Discussion in 'Classic Manual Cameras' started by mtk, Nov 17, 2004.

  1. mtk

    mtk

    Here I go again! We all have our favorites of classic cameras, and
    realizing that we all have opinions...but do we have some ideas for
    real "dogs"..either cameras and or lenses..? Just curious...Mark
    PS most of us probably never met a camera we didn't like!
     
  2. At risk of being verbally crucified by the Kodak crowd, I'd say my two least favourite cameras are the Kodak Motormatic 35 and Kodak Automatic 35 F. I have two of each, thankfully acquired at yard sales for a small price, and none of them work. Matter of fact, I've never even heard of one that still works.Also Argus Autronic 35, big heavy beast, almost never found in working condition. If you simply mean "Dogs" as in poor photo producers, #1 on my hit parade is my Rondo Rondomatic. I've owned 110 cameras that made nicer shots.
     
  3. there were a FEW bad cameras made, i think, maybe. one that comes to mind is the Samoca 35... it had 3 or 4 marked shutter speeds but all gave the exact same speed (somewhere around 1/50 i think). I think it was Japan's little way of getting back at the American GIs after the war.

    :)=
     
  4. I had a Motormatic 35 in perfect working condition.....

    you're not missing much.

    :)=
     
  5. Argus Autronic 35... I have one of those. I would see if it works but it takes some obscure double thick mercury cell I think.

    As far as my personal collection... Zeiss 515/2, Ilford Sportsman 120, Zeiss vestpocket Ikonta with Vario shutter,... this is too depressing.
    The Sportsman was converted into a 120 pinhole camera. Takes great photos that way. The others just don't get used.

    tim in san jose
     
  6. I don't know whether these quite qualify as "bad" cameras but I've seen several that I wouldn't buy at any price. Mostly consumer grade fixed lens rangefinders from Minolta and Yashica. Before anyone blows a fuse I had a Minolta HiMatic G (tho' I don't think it quite qualified as a rangefinder - more a guessfocuser) and the first 35mm I cut my teeth on was a then-new Yashica Electro-something. Some of those are pretty good.

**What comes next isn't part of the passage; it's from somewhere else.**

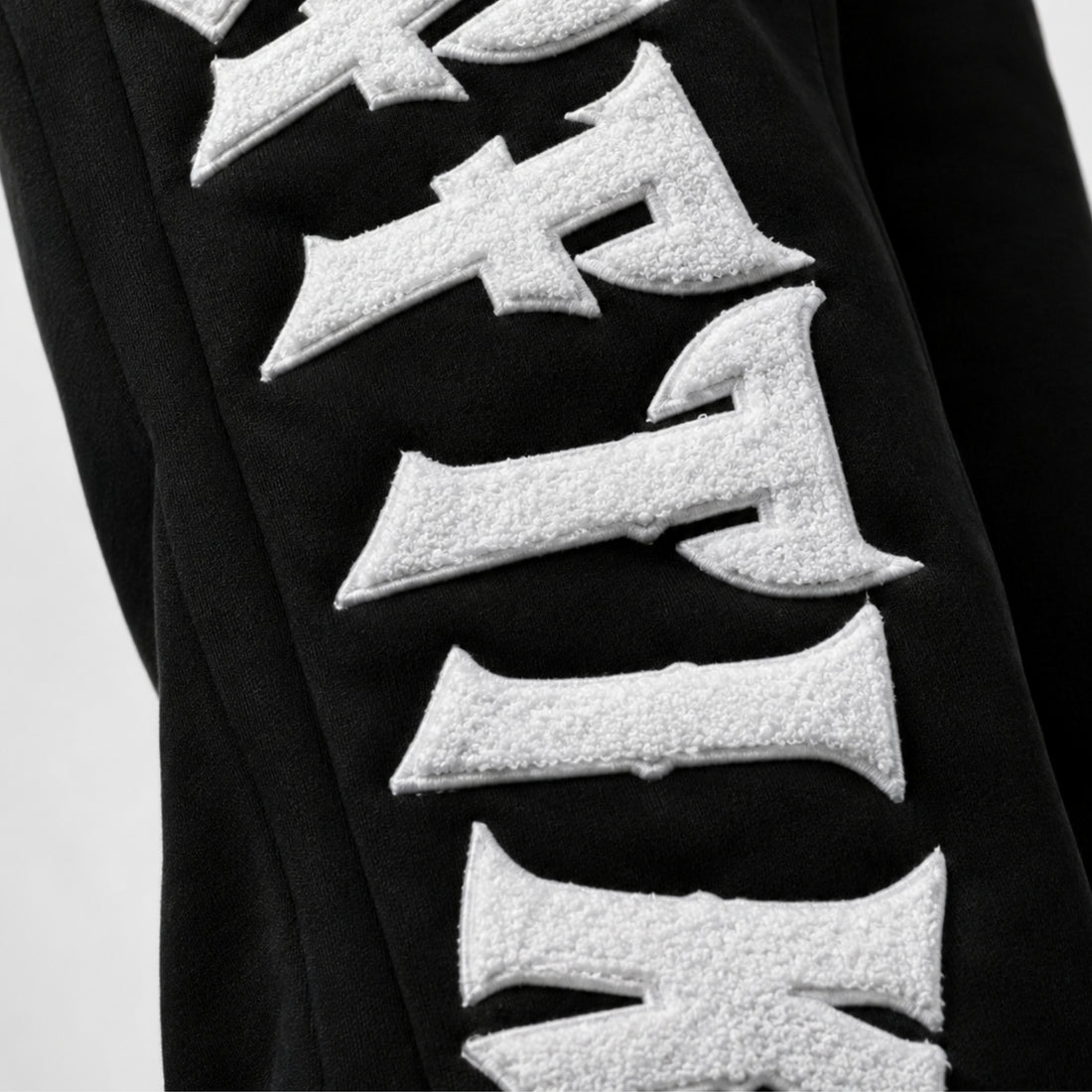 Black garment with white textured letters on a light gray background, image 4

    But most of 'em haven't held up well, unlike the seemingly more durable similar cameras from other makers. Loose lenses, stuck shutters, dead electronics (making the entire camera effectively dead). And they don't look good enough to simply use for decorative pieces.

    I keep wanting to dislike most Argus models but there's something just slightly endearing about them, like an ugly but loyal and well behaved dog.

    It's hard for me to dislike any folder. At the very least they make good wall hangers and shelf decoration.
     
  7. Off hand, I can't think of any 'bad' cameras. Even the cheap and nasty Halina 35X had the supreme redeeming feature that it introduced a lot of people to 35mm photography.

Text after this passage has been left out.